Inside Dataiku, click the top right gear → Administration → Plugins → Store

In the search engine, type “OnCrawl” and click on “Install”:

../../_images/img_2.png

The plugin is now ready-to-use.

How to use the OnCrawl plugin?#

  1. In your Dataiku Flow, create a recipe “Oncrawl – Data queries”.

  2. Set an API access token.

    You will need to have a subscription that includes the OnCrawl API option. If you don’t have an API access yet, please reach out to our team using the Intercom blue chat button or by sending an email at sales@oncrawl.com

    From your account settings page, scroll down to the “API Access Tokens” section. Click on “View API Access Tokens” to see the list of tokens you have generated or click on “Add API Access Token” if you want to create a new one.

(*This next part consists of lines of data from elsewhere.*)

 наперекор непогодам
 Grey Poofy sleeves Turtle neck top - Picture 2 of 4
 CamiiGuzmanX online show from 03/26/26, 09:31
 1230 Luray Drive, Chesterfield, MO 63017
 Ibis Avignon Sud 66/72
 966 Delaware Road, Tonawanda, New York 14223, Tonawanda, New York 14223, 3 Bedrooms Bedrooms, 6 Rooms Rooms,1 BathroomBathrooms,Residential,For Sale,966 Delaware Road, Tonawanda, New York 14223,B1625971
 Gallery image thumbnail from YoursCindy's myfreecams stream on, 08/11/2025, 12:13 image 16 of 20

  3. Feel free to edit default configuration:

    • Choose project source: all or only a specific one

    • Choose data type among pages, links or logs

    • Define a crawl or logs timeframe

  4. If you selected pages or links:

    • Choose a crawl configuration: an empty crawl configuration list means that you have no crawl available for the selected project or timeframe. Adjust these parameters.

    • Choose crawl source: all, only a specific one, or the last one into the date range selected

  5. Last step: choose the output type among aggregations or URL export.

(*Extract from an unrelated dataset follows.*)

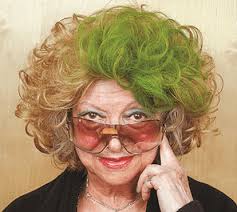 Learn vocabulary, terms and more with flashcards, games a large sports field with seats all around it for people to watch team sports or track and field competitions. Maria Jose Valerio Eterna Interprete Da Marcha Do Sporting Internada De Urgencia Atualidade Flash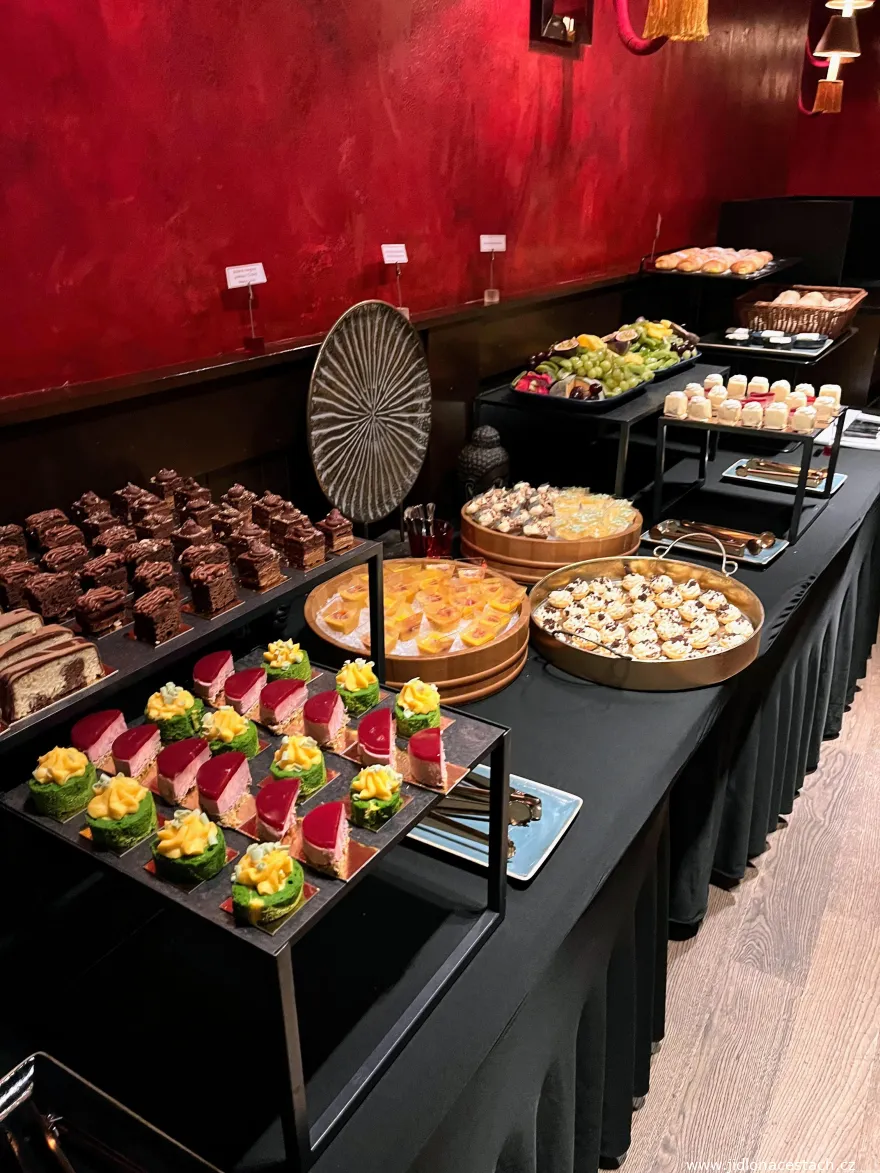 Buddha-Bar Prague: der Dessertbereich. Buddha-Bar Prague: der Dessertbereich.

    • Aggregations: edit the JSON object to define your own aggregations: write one or several OQL (OnCrawl Query Language) queries into the array of aggregate queries. OQL language for aggregations is described here

    • URL export: edit JSON object writing your own OQL query to filter the output URL list. OQL language for URL export is described in the API reference

Using machine learning and data science to predict crawl budget#

Method#

Google daily sets up the amount of resources dedicated to crawl your website. This is what is called “Crawl Budget”. The mission of any SEO team is to drive Google’s crawl budget to the pages that matter. This article aims at explaining the method to predict your crawl budget and we’ll be sharing the full project with a zip file. Different use cases can be addressed:

  • Monitor your crawl budget by category or subcategory to detect SEO issues

  • Detect the best new products for the next few weeks (It could be interesting to highlight these products)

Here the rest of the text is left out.